Ah GLaDOS, how I’ve missed you. Even though you’re heartlessly chucking my character through more brain-teasingly torturous rooms full of physics-based platforming conundrums...
...and even though you don’t want my character to escape from Aperture Science labs… and even though you’ve got a penchant for revenge after getting destroyed… still, I’ve missed you. A little.
For the personality of GLaDOS was one of the defining elements of the original Portal
game. Sure, the 3D first-person puzzler was outstanding for many other reasons too, but without the humourous, witty, schadenfreude-happy machine narrating your progress I don’t think the game would ever have struck a chord with the hearts of gamers around the world.
That humour is not lost in Portal 2
, you’ll be glad to hear, thanks to the dialogue of your new robotic companion Wheatley - voiced by Stephen Merchant. In the opening sequence of the game, he wonders whether you have suffered any brain trauma, and asks you to talk. That ability is ‘assigned’ to the jump button, leaving the spherical bot to say “No, what you did just there is jumping. Let’s try again. Can you say ‘apple?’ … You know what, that’s close enough.”
Your new adventure begins in an idyllic apartment suite, which suddenly gets rocked to destruction following an emergency at the facility your character is contained in. This is where Wheatley comes in to help you escape. He looks after the lives of the people living in the complex you see, but also wants you to break free with him.
For all the trouble the eyeball-bot goes to - moving the whole apartment block out of its holding space and across to the Aperture Science labs - it’s assumed you’re the sole survivor of whatever catastrophe is going on here.
And Aperture Science isn't exactly in the best of sorts since we left GLaDOS to gather dust. In fact, all you get to see in the introductory levels is a dilapidated ruined laboratory with debris, destroyed ledges and broken wall panels all over the place. Your portal gun won't work on the broken brown surfaces, so you're limited to thwacking warp holes onto parts of the rooms that look white.
Gameplay here is exactly as you remember it from the original Portal
- although it's somewhat tutorial in the sense that the orange 'out' hole is designated to a particular place, the game doesn't patronise at all. For some who may never have played Portal
before, some of these stages may take a while to wrap your head around.
The chapter serves as less of a hand-holding exercise and more of a refresher course. You'll be dropping down from ledges into portals to get the speed to chuck you across another side of the room, and using Companion Cube puzzles to activate switches just like old times.

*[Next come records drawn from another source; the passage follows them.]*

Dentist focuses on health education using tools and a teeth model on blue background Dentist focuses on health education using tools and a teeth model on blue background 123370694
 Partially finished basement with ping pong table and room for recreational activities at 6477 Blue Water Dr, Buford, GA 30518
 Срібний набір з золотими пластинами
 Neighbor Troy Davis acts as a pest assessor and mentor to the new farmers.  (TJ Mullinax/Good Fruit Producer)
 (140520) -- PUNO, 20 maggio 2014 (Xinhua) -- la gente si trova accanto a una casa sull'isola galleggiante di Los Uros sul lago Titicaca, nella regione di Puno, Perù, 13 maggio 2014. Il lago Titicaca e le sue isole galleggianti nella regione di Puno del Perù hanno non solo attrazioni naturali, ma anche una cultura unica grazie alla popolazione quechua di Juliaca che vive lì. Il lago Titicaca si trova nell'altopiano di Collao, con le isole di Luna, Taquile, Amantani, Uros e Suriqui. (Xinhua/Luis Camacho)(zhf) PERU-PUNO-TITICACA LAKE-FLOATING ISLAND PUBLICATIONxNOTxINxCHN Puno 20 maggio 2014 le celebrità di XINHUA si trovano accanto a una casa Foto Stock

It seems that, rather than a straightforward set of numbered floors and rooms to puzzle through, the game is told through chapters, with a selection of puzzle levels sandwiched between exploration and dialogue-heavy sequences. With the writing as good as it is, and no real cutscenes to speak of, it makes Portal 2
quite the immersive experience.
At the end of the opening chapter, I was reunited with Wheatley who had to break off from his ceiling rail in order to help me proceed. After counting to three, getting the willies, counting to one, falling off and rolling around in pain a bit, I was able to pick him up and slot him into a wall panel in order to open a secret door.
"Uh… aha… yeah, I can't do it if you're looking," a shy Wheatley tells me, asking me to turn around so he can do his unlocking business. The character is especially charming when you consider its animation is like something from a Pixar film.
A brief walk around the complex later, and Wheatley had unwittingly reactivated GLaDOS - and she was not pleased in the slightest. "Since you've gone to the trouble of awakening me, I get the impression that you must really, really love to test," the machine taunts as it chucks me into a tunnel. No doubt these new kinds of tests will be even meaner and brilliantly challenging than before.
I was only given hints as to what to expect beyond the portal gun play - including the gel-tec paint system that alters the nature of physics in a level - but I certainly can't wait to find out for myself. Put this intriguing little number on your 'get' list if you've not done so already.